Friday, 15 January 2010



Last Tuesday I went to the cemetery.
Unusually, I was on my own.

I didn't remember some of the houses I walked past. Maybe they built more in the old style while I was away. I thought streets should be shorter than they are in your childhood memory.This one was longer than I remembered it.

The village is small and everyone who passed me in the street greeted me.
I wonder what life would have been like if I hadn't left?

The canals were frozen and the ducks were vying for the little spaces hacked in the ice.
A horse in a paddock lay down and rolled over on its back as I passed.
Joy the vivre or just a numptie?
I could barely feel my fingers and toes, and began to wish I had a warmer coat.
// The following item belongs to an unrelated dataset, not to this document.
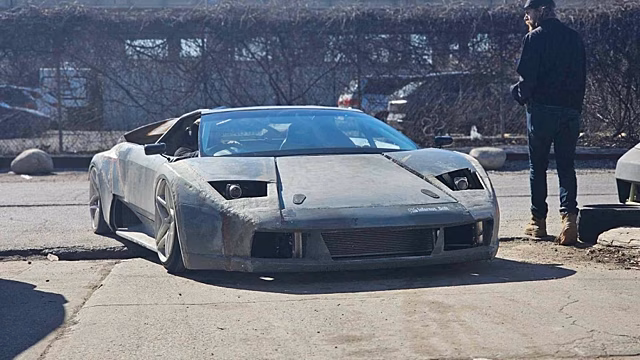 Энтузиаст решил создать Pegassi Infernus из GTA в реальной жизни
The cemetery was deserted.
Only one person had been there before me but their footprints had been half filled with new snow.
I turned left at the gate to go towards Ma's grave.
It seemed irreverent to spoil the silent paths with new footprints. But I walked on, my pointy toes and round heels digging deep into the crisp snow.
The footprints pointing to the graves I stopped to look at.

Beside Ma's grave, the grave of her neighbours in life, now passed on. Their last resting place adorned with garden ornaments just as their front lawn had been.
So many names familiar, so many faces clearly before me.

My headmaster, conflicting emotions there. Maybe I should forgive him, after all this time.
Parents of friends, neighbours. Kids I knew.

So many different markers, concluding lives in two lines. 'Here rests' and ' safe in the arms of Jesus'.

Granite, smooth and rough, Dark and light stone, marble and glass.

I made footprint patterns as I slowly moved through all the lanes. Round the outside first. Then through the middle. Right, then left. Pointy toes, round heels, dancing through the graveyard.

The sun was beginning to set when I left. H had cooked. L came round for drinks to celebrate her recent wedding.
'Did you do anything nice today?', L asked.
'Just dancing in the snow', I replied.
'you visited Ma', L smiled.
'No regrets?'.
'Very few.'
It's good to have friends who know you.